Pierre explains PARSEC

Sorry to revive this old topic, but this indeterminism still bothers me. The following initial state is used in many PARSEC presentations:

The problem is that this situation is not in the domain of validity of PARSEC because there are two nodes with an estimate of true and two with false. This means there are necessarily two malicious nodes here, which is above the 1/3 PARSEC threshold.

The common coin will allow reaching an agreement, but there is a 50% chance that the decided value will be the one proposed by the malicious nodes. I think this is an obstacle for users to understand the protocol, and this certainly confused me.

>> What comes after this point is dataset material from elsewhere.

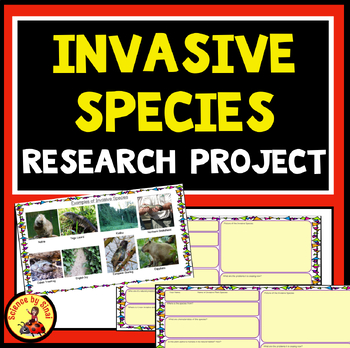 Preview of INVASIVE SPECIES Research Project-Graphic Organiser Research Prompts MS-ESS3-3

Now, I will rephrase my original question: Is the common coin protocol only needed to unblock the algorithm outside PARSEC domain of validity or are there cases where it is also needed within this domain (with less than one 3rd of malicious nodes)?


This estimates are not final votes about an event but meta votes. Meta votes are the answer about the question “Do I strongly see an interesting gossip event for this node?”. In this case Alice and Dave strongly see an interesting event and Bob and Carol not.


Ok. But now I have an even more basic question for @maidsafe: how do we get this situation highlighted in my post and mentioned in many PARSEC presentations?

Suppose there is a real network event (for example Frank wants to join the network) but some malicious nodes don’t want it to be recorded. I see the following cases but none of them lead to this situation.

  • If all nodes are honest then the 4 nodes will strongly see this event.
  • If one node is malicious then the 3 honest nodes will strongly see the event
  • If two nodes are malicious then no nodes will strongly see the event because the 2 honest nodes don’t make a super majority
  • Same for 3 and 4 malicious nodes
1 Like

2 of 4 is less than a superiority if your group size is 4 (which is what I think you are seeing). Use of 1, 2 or 3 in some maths is a it misleading. If you start at a group size of 8 or similar it becomes more clear.

1 Like

There is no group size in PARSEC, because the whole network is a section.

But this eludes the question, I just want to know how we can get the following example used in many PARSEC presentations:

and described with words by @digipl:

In this case Alice and Dave strongly see an interesting event and Bob and Carol not.

1 Like

Maybe it’s easier to explain than with 8 or 1008

1 Like

In Dave’s case is evident. Bob->Carol->Dave (Dave sees, at least, 3 of 4 nodes that form a supermajority).

In Alice’s case a previous gossip makes a path that forms a supermajority.

For example Carol->Bob->Alice or Dave->Bob->Alice.

We also know that neither Bob or Carol can see a path that pass through more than two nodes.


That’s a good question. It comes from a misunderstanding of the problem space:
Honest nodes can vote for true or false. It is not malicious to vote for something another honest node didn’t vote for.

Let me give you an example (with a bit of a metaphore):
You could use binary consensus to have people all over the planet agree on the question: “Did it rain on this specific day?” Each honest node would report on the weather conditions they observed where they live. Honest nodes would definitely say the truth, but all honest nodes may not have experienced the same reality, because it may have rained in some parts of the world but not in others. Malicious nodes may vote contrary to what they experienced (if it’s advantageous to impede consensus).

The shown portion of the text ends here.